OPINIóN
Actualizado 18/08/2015
Charo Alonso

Lo que queda de la tierra quemada en Gata y en Galicia y el resto negruzco de la negra crónica de este verano ardiente me ensucian los dedos con los que leo los periódicos en papel? y todo mientras a mi alrededor tiene hordas de niños, de gritos, de crujir de arena y de bondades del verano. Un verano que no es cualquiera, con toda esta sangre derramada y tanta gente mitad disfrutando de la playa, mitad llevándole a la otra la caña con contratos de miseria.

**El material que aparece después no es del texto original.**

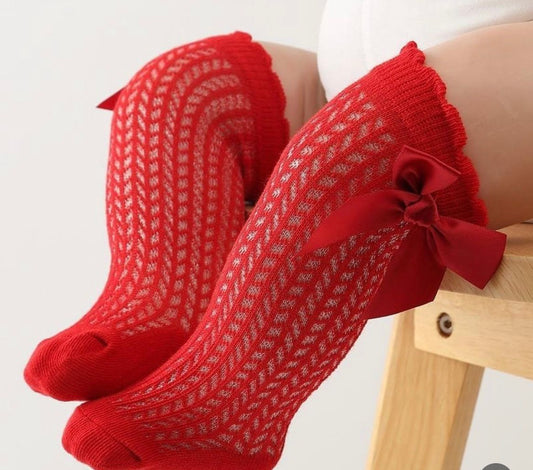 Off white and red net socks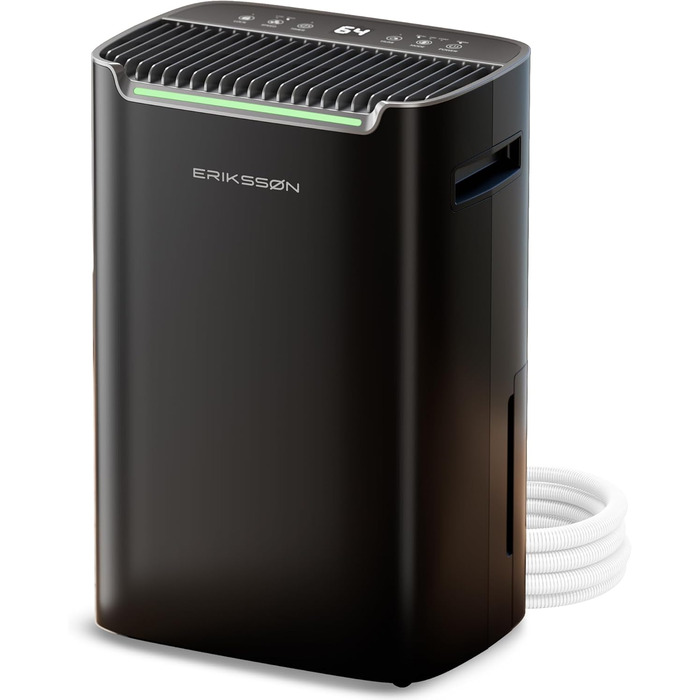 Зволожувач повітря Erikssøn з LED-дисплеєм, таймером та захистом для дітей | видаляє 20 л вологи на добу | для приміщень до 175 м³ | енергоефективний, з датчиком вологості, чорний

Se nos ha puesto el calor demasiado ardiente y el tiempo demasiado frío últimamente.

Se nos ha puesto Grecia a demostrar que no sirve de nada tener buena voluntad y hasta Cuba se rinde al american way of life, que a todos nos gusta eso de vivir bien. Y mientras los toros y la troika embisten, uno se pregunta si la única solución es hacer oídos sordos al papel y dedicarnos a los posados mallorquines, a la cerveza fría, a la terraza llena y a los niños dicharacheros preguntándose si se ha terminado la temporada de piscina. Ellos no saben de muertas ni de periodistas acribillados, ni de chicas con amor al peligro ni de que más cornadas da el hambre y por eso la gente se mete en un barco de papel para llegar a una isla sin remedio. No, este verano tiene un intenso olor a bochorno, a quemazón y a pena, pero no nos amarguemos, está visto que ante la crisis, nos hemos decidido por el viaje, el chiringuito y hasta el derroche? y ante eso, lo único que podemos hacer es quitarnos el sombrero ?tan necesario en este calor de infierno que hemos disfrutado- y tratar de que no llegue septiembre con su factura de libros, carteras, regreso a la vida cotidiana y hasta a los tremendos atascos de realidad?

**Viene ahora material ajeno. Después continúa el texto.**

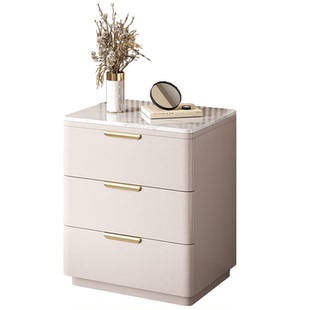 全实木床头柜子三层家用卧室轻奢高级感2025爆款简约现代收纳边柜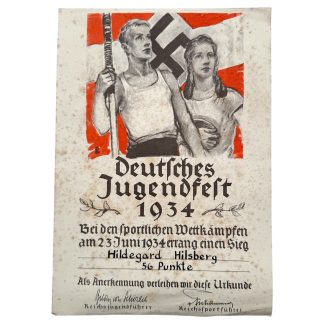 Original Hitler Youth certificate from Deutsches Jugendfest 1934 awarded to Hildegard Hilsberg, Nazi Germany propaganda document with swastika flag, Third Reich Hitlerjugend collectible sports award.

   A mí que me registren, pero me niego a dejar de lado este verano que tiene como cosa buena eso de andar descalza y cubrirse a duras penas con lo primero que pillas. Un verano de cerveza y de reencuentros, un verano de tiempo aparentemente para todo? nada de estío sangriento ni dolorosas pérdidas, nada de portadas ahítas de rostros que no esperan nada o por eso mismo nos lo cuestionan todo.

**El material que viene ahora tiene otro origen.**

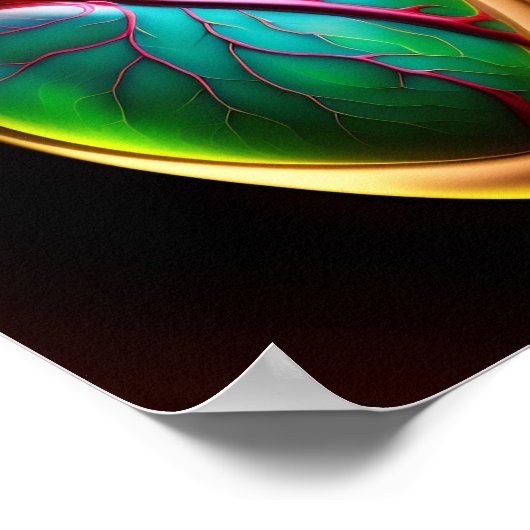 Poster Art numérique cardiaque en verre anatomique (Coin)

Un verano de niños que piden helados y no leen las portadas de la violencia, un verano infantil lleno de esperanzas que, incluso, tiene un final feliz cuando piensan en los amigos y en el olor a plástico nuevo de sus cosas del cole.

Cuánto quisiera aprender de mis niños mientras contemplo las fotos de las fiestas de pueblo sin quitarme de encima este verano sangriento. Decididamente, no debería ser tan consciente y solo, solamente, preguntarme dónde está esa piscina llena, esa despreocupación feliz en el que faltan los rostros de quienes han tenido su último verano. Es, sencillamente, el tiempo de llorarlas. Y las lloro, sí, porque han ardido, porque para ellas no llegará el septiembre de la novedad y del abrigo.